══ The data

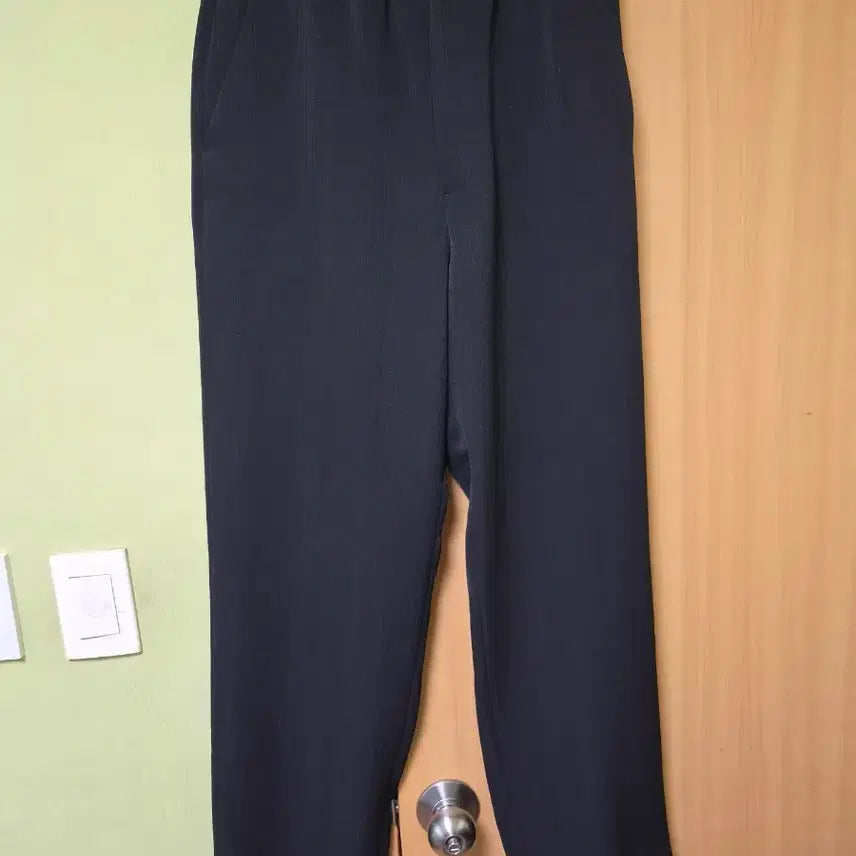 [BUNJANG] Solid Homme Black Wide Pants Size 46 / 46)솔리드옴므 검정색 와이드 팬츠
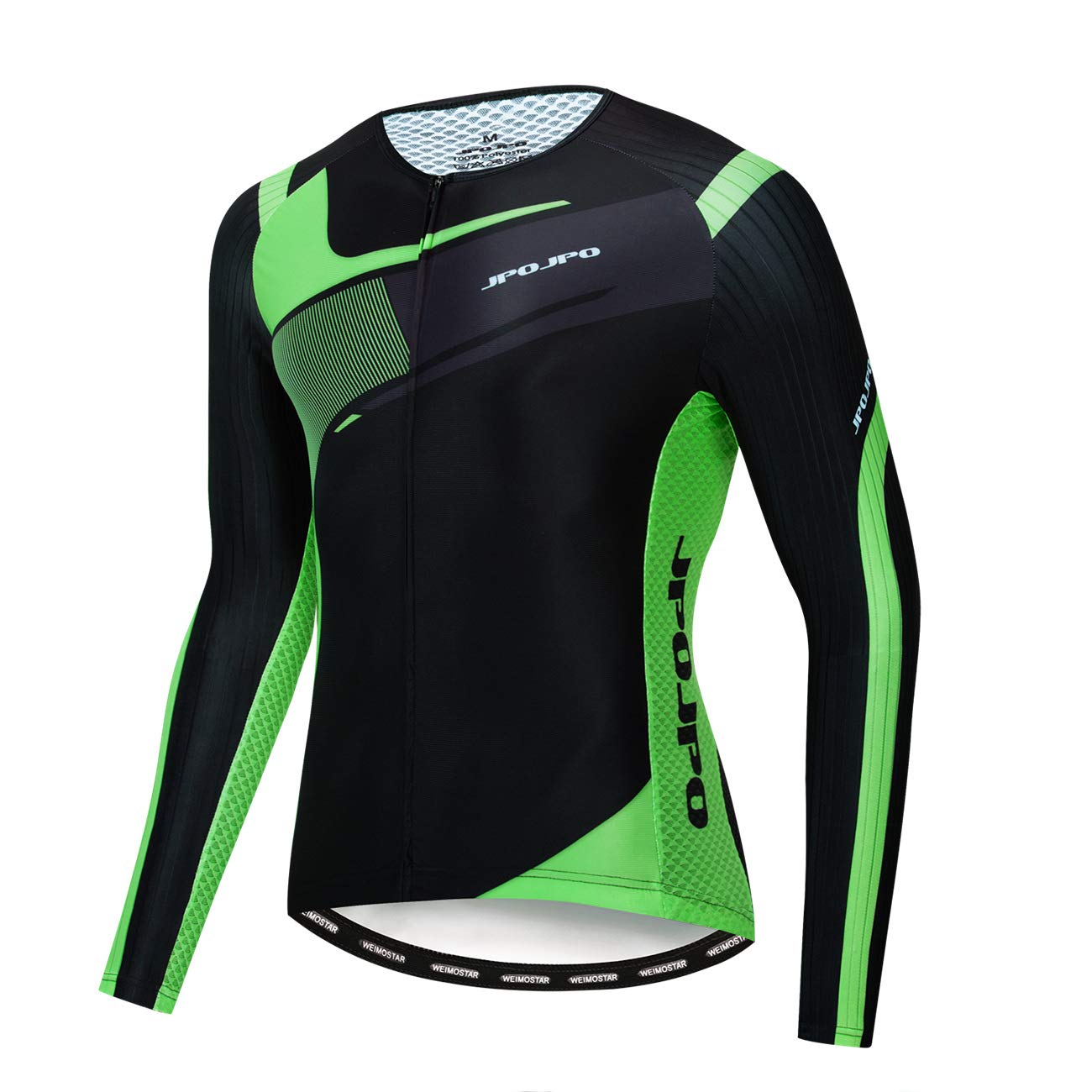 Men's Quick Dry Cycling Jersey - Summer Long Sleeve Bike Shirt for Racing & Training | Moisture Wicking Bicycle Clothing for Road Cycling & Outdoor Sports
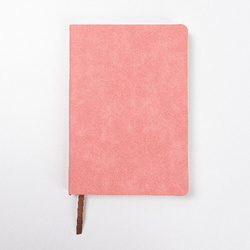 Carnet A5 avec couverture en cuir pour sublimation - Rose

════

**Problem requirements:**
When you retype the material above, copy each line exactly and drop whatever images appear in it.

**Task response:**
 [BUNJANG] Solid Homme Black Wide Pants Size 46 / 46)솔리드옴므 검정색 와이드 팬츠
 Men's Quick Dry Cycling Jersey - Summer Long Sleeve Bike Shirt for Racing & Training | Moisture Wicking Bicycle Clothing for Road Cycling & Outdoor Sports
 Carnet A5 avec couverture en cuir pour sublimation - Rose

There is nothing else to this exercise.